# Danny M being forced to ride his Ebike[emoji106]



## mtbbiker (Apr 8, 2004)

Latest Santa Cruz Heckler MX build. 

Due to sponsorship commitments, you can tell his smiles are fake


Sent from my iPhone using Tapatalk


----------



## vikb (Sep 7, 2008)

He does have that hostage look in his eyes. To be fair if SC pays my mortgage and puts meals on my table I'd fake like e-bikes in a video for them as well.


----------



## D. Inoobinati (Aug 28, 2020)

What....you don't think he's stoked to huck himself and a 50 pound boomer scooter over a steel picket fence?


----------



## Jack7782 (Jan 1, 2009)

D. Inoobinati said:


> What....you don't think he's stoked to huck himself and a 50 pound boomer scooter over a steel picket fence?


Danny says he carries extra batteries in his pack - so he must be as strong as an ox too. Impressive.


----------



## mtbbiker (Apr 8, 2004)

Jack7782 said:


> Danny says he carries extra batteries in his pack - so he must be as strong as an ox too. Impressive.


I was surprised at that comment to, cause certain days he said up to 2 batteries in his pack. 

Says he rides these Ebikes everyday and does epics on each ride. But again, he’s sponsored rider, he may not be telling the truth. 


Sent from my iPhone using Tapatalk


----------



## noapathy (Jun 24, 2008)

mtbbiker said:


> I was surprised at that comment to, cause certain days he said up to 2 batteries in his pack.
> 
> Says he rides these Ebikes everyday and does epics on each ride. But again, he’s sponsored rider, he may not be telling the truth.


Why would he lie? He's paid to ride the thing. Whether he likes it or not is another matter. Slightly better than driving a bus for a living.


----------



## Jack7782 (Jan 1, 2009)

mtbbiker said:


> I was surprised at that comment to, cause certain days he said up to 2 batteries in his pack.
> 
> Says he rides these Ebikes everyday and does epics on each ride. But again, he’s sponsored rider, he may not be telling the truth.
> 
> ...


Sponsored or not, can we agree that Danny MacAskill is one of the best trials riders in the world and Santa Cruz is lucky to have him as a sponsored rider? I love his comment found in this video
. . . Heckler makes it easier to clean more climbs which is what it is all about . . .


----------



## mtbbiker (Apr 8, 2004)

noapathy said:


> Why would he lie? He's paid to ride the thing. Whether he likes it or not is another matter. Slightly better than driving a bus for a living.


It’s a joke towards anti-ebike people who says pros only ride Ebikes caused their sponsored. 

Danny’s ebike videos are amazing and you can genuinely tell he loves riding them. I’m positive just about every pro rider whose sponsor has an ebike are just as stoked. 

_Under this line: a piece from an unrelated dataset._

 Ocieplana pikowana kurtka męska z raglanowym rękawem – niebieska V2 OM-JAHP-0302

Sent from my iPhone using Tapatalk


----------



## mlx john (Mar 22, 2010)

News flash, there are people who have fun riding E-bikes. Being a pro precludes him from this?? He's clearly having fun and he's being paid on top of it. Oh, the horror


----------



## BmanInTheD (Sep 19, 2014)

...


----------



## Sidewalk (May 18, 2015)

I stopped following him because of his content.

I am sure I am in the minority.


----------



## DtEW (Jun 14, 2004)

mtbbiker said:


> I was surprised at that comment to, cause certain days he said up to 2 batteries in his pack.
> 
> Says he rides these Ebikes everyday and does epics on each ride. But again, he’s sponsored rider, he may not be telling the truth.

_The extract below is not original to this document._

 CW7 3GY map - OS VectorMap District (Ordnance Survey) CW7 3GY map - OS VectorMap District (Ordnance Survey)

It would be a weird lie/shill if it was that. Because carrying multiple heavy batteries is a bit weird and out-of-the-norm, and probably makes anybody considering the eMTB without any prior experience give pause at any number of things, most notably the thought "do I need multi-batteries too? Maybe it burns through charge crazy fast?"

Things that his sponsor probably wouldn't think of as being particularly on-brand. But they probably know better than to tell Danny how to enjoy his Heckler. They're probably just glad he's enjoying it so much as to push it beyond its normal limits.

(Yes, I'm spelling out the facetious comment . It's 5:41 in the afternoon and I've got nothing better to do.)


----------



## Monty219 (Oct 26, 2020)

I heard a podcast interview with him and he seems to genuinely enjoy them. I am not an ebike fan myself, but they have their place (and then there’s other places they don’t belong!)


----------



## deuxdiesel (Jan 14, 2007)

$11,000-$13,000 depending on spec. KTM e-MX bike is under $11K. Stoopid.


----------



## mtbbiker (Apr 8, 2004)

deuxdiesel said:


> $11,000-$13,000 depending on spec. KTM e-MX bike is under $11K. Stoopid.


And a base line Tesla model 3 starts out at $52k. 

Comparing Ebikes to an e-dirt bike, honestly not even close. E-KTM =12hp 
Class 1 ebike = less then 1hp. 


Sent from my iPhone using Tapatalk


----------



## Mudguard (Apr 14, 2009)

deuxdiesel said:


> $11,000-$13,000 depending on spec. KTM e-MX bike is under $11K. Stoopid.


I did laugh at the thread title.
Problem with the motocross bike or even motorcycle is the ancillary stuff. E-Bike will go on my existing bike rack, use all my existing kit. MotoX I need a trailer to tow, etc etc. Hell I have a putter that costs as much as a decent bike.


----------



## 749800 (Jul 14, 2013)

What the hell is this thing?


----------



## mlx john (Mar 22, 2010)

deuxdiesel said:


> $11,000-$13,000 depending on spec. KTM e-MX bike is under $11K. Stoopid.


I concur. The KTM e-MX bike is stupid.

The KTM FACTORY REPLICA STACYC 12eDRIVE is the bees knees though!


----------